Portée par les jeunes Verts, le texte soumis au vote vise à interdire toute extension des zones à bâtir, sans limite de temps. Les initiants souhaitent que tout nouveau terrain à bâtir soit compensé par le dézonage d’une surface d’une taille au moins équivalente ailleurs. En suggérant que les nombre de zones à bâtir en Suisse est en augmentation, cette initiative donne une fausse impression de la réalité puisque les chiffres de l’Office fédéral du développement territorial (ARE) montrent que le nombre de zones à bâtir est constant depuis 2012.

Par ailleurs, les auteurs de l’initiative ont négligé les conséquences économiques et sociales de leur proposition, en particulier pour les classes moyennes. Le gel total des zones à bâtir raréfierait l'offre et ferait par conséquent exploser les prix de l’immobilier, mettant fin à tout espoir d’accéder à la propriété de son logement. En toute logique, elle ferait grimper les prix et les loyers. L’initiative engendrerait également une pénurie d’espaces d’activités économiques pénalisant les PME et les entreprises industrielles qui ne pourraient plus développer leurs activités sur leur site d’implantation.

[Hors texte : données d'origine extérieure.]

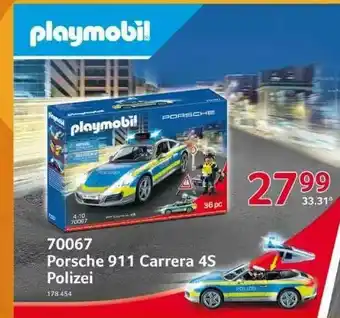 Selgros Playmobil 70067 Prosche 911 Carrera 4s Polizei Angebot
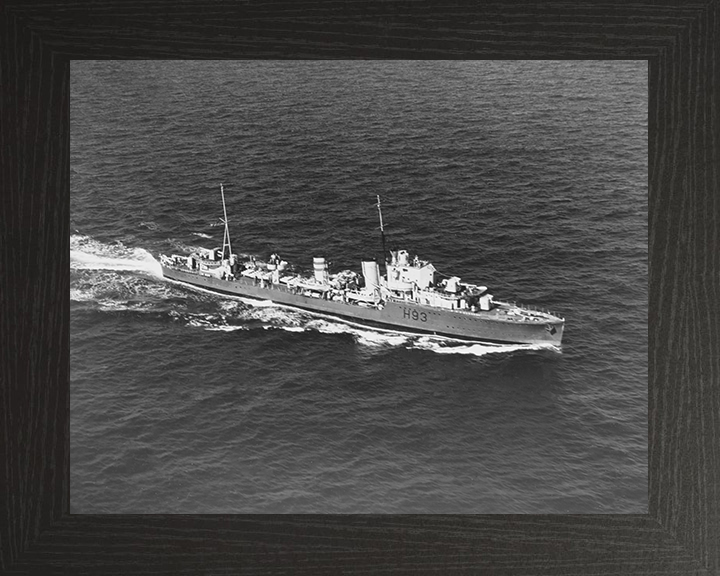 HMS Hereward H93 | Photo Print | Framed Print | H Class | Destroyer | Royal Navy Hampshire Prints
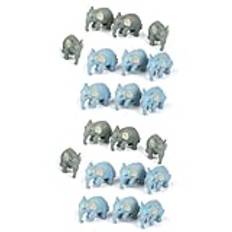 SAFIGLE 20 St Söt Miniatyr Dekoration Docka Docka Mini Prydnad Dekoration Mikro Landskap Prydnad Mini Docka Mini Dekoration Mossa Uppblåsbara Ornament Elefant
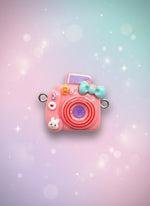Tiny kawaii retro-style camera prop in pastel colors by Craft-N-Crumble™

En adoptant la Lex Weber puis la loi révisée sur l’aménagement du territoire (LAT), la population suisse a déjà posé les jalons nécessaires pour encourager un développement raisonnable avec une utilisation plus rationnelle du sol. Depuis l'entrée en vigueur de la LAT révisée le 1er mai 2014, les cantons se sont attelés à la révision de leurs plans d’aménagement, de certaines lois sur les constructions, mais la mise en œuvre au niveau communal n’a presque pas commencé. Dans le meilleur des cas, ce processus s'étend sur une période de 8 à 10 ans. Aussi l'introduction de nouvelles directives telle que proposées par cette initiative extrême ne ferait que nuire à l’aménagement du territoire.

La LAT couvre déjà les exigences de base pour une gestion raisonnée des sols. Les cantons appliquent les nouvelles normes qui sont déjà très strictes. Ils réduisent la taille des zones à bâtir et adaptent la création des nouvelles zones à l’évolution démographique. Cela signifie que les principales préoccupations de l’initiative ont déjà été prises en compte dans la LAT révisée. Cette initiative ne sert donc pas les intérêts de notre pays.